== Information shown ==
———

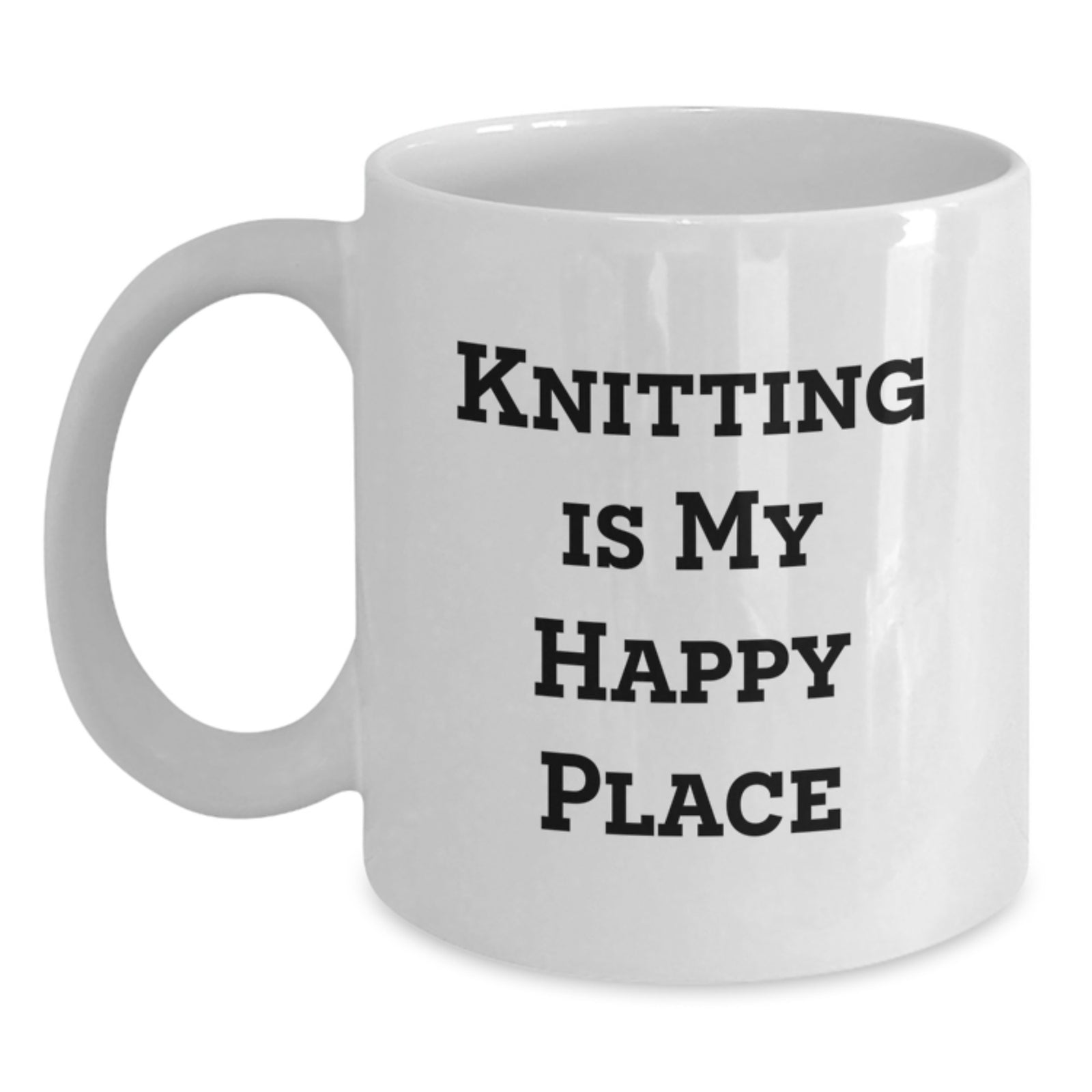 Funny Knitting Quotes Gifts from Men to Women Friends on Mother's Day, Unique White Coffee Mug, Ceramic, Microwave and Dishwasher Safe - Main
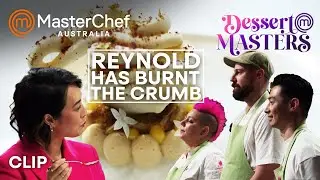 Reynold's Burnt His DIsh | MasterChef Australia Dessert Masters | MasterChef World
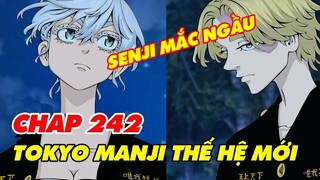 [ Spoiler TR Chap 242 ] TAKEMICHI Họp Băng - SENJU Mắc Ngầu Trong Bộ Đồng Phục Mới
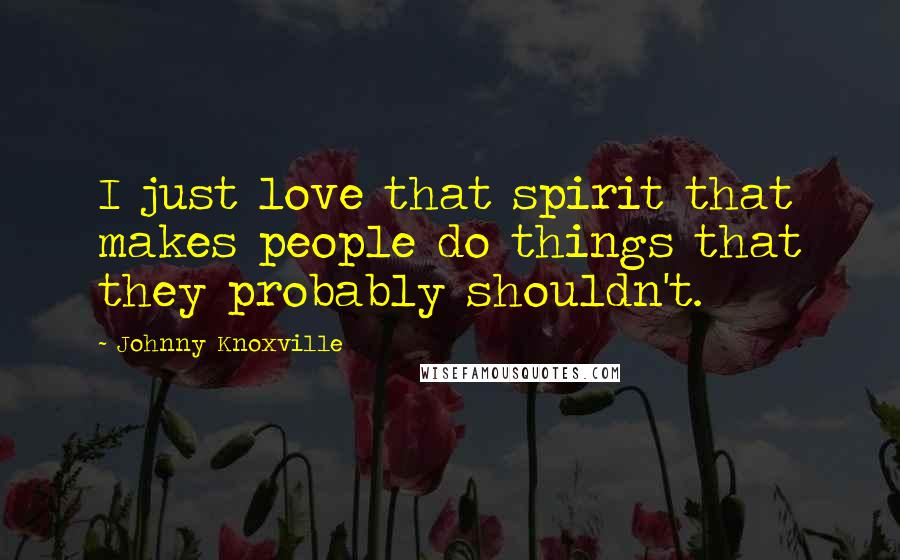 Johnny Knoxville Quotes: I just love that spirit that makes people do things that they probably shouldn't.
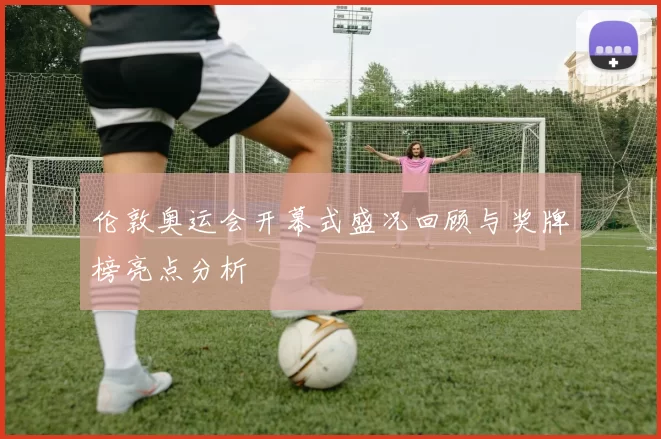伦敦奥运会开幕式盛况回顾与奖牌榜亮点分析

———

== Task prompt ==
All of the listing should be transcribed exactly, but none of its images.

== Response box ==
 Funny Knitting Quotes Gifts from Men to Women Friends on Mother's Day, Unique White Coffee Mug, Ceramic, Microwave and Dishwasher Safe - Main
 Reynold's Burnt His DIsh | MasterChef Australia Dessert Masters | MasterChef World
 [ Spoiler TR Chap 242 ] TAKEMICHI Họp Băng - SENJU Mắc Ngầu Trong Bộ Đồng Phục Mới
 Johnny Knoxville Quotes: I just love that spirit that makes people do things that they probably shouldn't.
伦敦奥运会开幕式盛况回顾与奖牌榜亮点分析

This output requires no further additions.